May 23, 2013 11:40 AM

A move which will give back the power on transport decisions to the people in the towns and cities affected instead of allowing them to be made centrally at Shire Hall has been welcomed by Cambridgeshire Liberal Democrats.

They said the decision was good news for the travelling public after the county's Joint Area Traffic Management Committees were reinstated yesterday (Tuesday, May 21) by Cambridgeshire County Council.

The committees, which give local councillors the opportunities to discuss and decide on transport issues in their areas, were axed when the Tories ruled Cambridgeshire County Council.

But following the recent election when Tories lost overall control of the council, the joint committees are to be reinstated for those areas which want them.

The move has been welcomed by Lib Dems Ian Manning and Amanda Taylor (pictured) who share the group's portfolio for resources.

Cllr Taylor, who spoke at the beginning of the debate, said: "This decision is good news for Cambridge and for the travelling public.

"In Cambridge, we have had a situation where crucial decisions on transport and traffic management have been left to Conservative councillors from the villages of the county. They are unfamiliar with our roads and traffic patterns, but worse still, the centralisation of decision-making has been holding up decisions. For example, the parking review in the south of Cambridge has been in limbo for the past six months.

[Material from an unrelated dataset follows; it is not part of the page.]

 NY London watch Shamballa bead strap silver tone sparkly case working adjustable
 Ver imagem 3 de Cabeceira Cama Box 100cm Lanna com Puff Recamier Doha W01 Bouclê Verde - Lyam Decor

"Now those decisions can be made by the councillors who have been elected to represent the people and understand the issues and there will be more opportunities for the pubic to contribute."

Cllr Manning added: "I am delighted that we will be able to reinstate the joint committees. Transport issues affect everyone in a town or city and it is so important to get them right; but we cannot do that unless people have good local knowledge.

"The single most important reason for this change is that decisions affecting local people should be made in front of those local people, in public."